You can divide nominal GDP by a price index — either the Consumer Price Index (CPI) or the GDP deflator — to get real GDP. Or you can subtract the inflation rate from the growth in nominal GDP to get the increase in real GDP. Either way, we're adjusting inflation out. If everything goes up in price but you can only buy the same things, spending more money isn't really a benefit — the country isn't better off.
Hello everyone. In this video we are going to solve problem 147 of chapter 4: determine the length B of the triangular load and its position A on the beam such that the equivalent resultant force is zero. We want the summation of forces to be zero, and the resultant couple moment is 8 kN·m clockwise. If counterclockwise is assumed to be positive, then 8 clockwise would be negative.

...

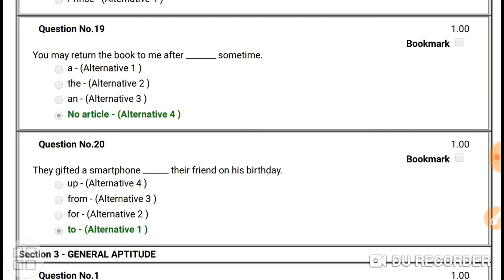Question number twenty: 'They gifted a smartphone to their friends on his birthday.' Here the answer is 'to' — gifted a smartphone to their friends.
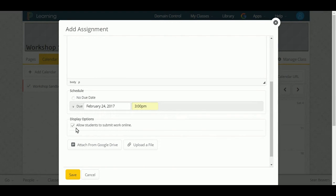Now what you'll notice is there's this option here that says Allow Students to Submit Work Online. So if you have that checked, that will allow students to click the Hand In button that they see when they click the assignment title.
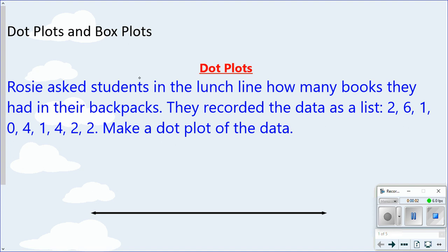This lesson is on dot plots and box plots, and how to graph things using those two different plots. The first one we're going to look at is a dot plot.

> Task: From the records above, print exactly the lines that run from the line with "You can divide" to the line with "Hello everyone. In", inclusive.

> Result of this exercise:
You can divide nominal GDP by a price index — either the Consumer Price Index (CPI) or the GDP deflator — to get real GDP. Or you can subtract the inflation rate from the growth in nominal GDP to get the increase in real GDP. Either way, we're adjusting inflation out. If everything goes up in price but you can only buy the same things, spending more money isn't really a benefit — the country isn't better off.
Hello everyone. In this video we are going to solve problem 147 of chapter 4: determine the length B of the triangular load and its position A on the beam such that the equivalent resultant force is zero. We want the summation of forces to be zero, and the resultant couple moment is 8 kN·m clockwise. If counterclockwise is assumed to be positive, then 8 clockwise would be negative.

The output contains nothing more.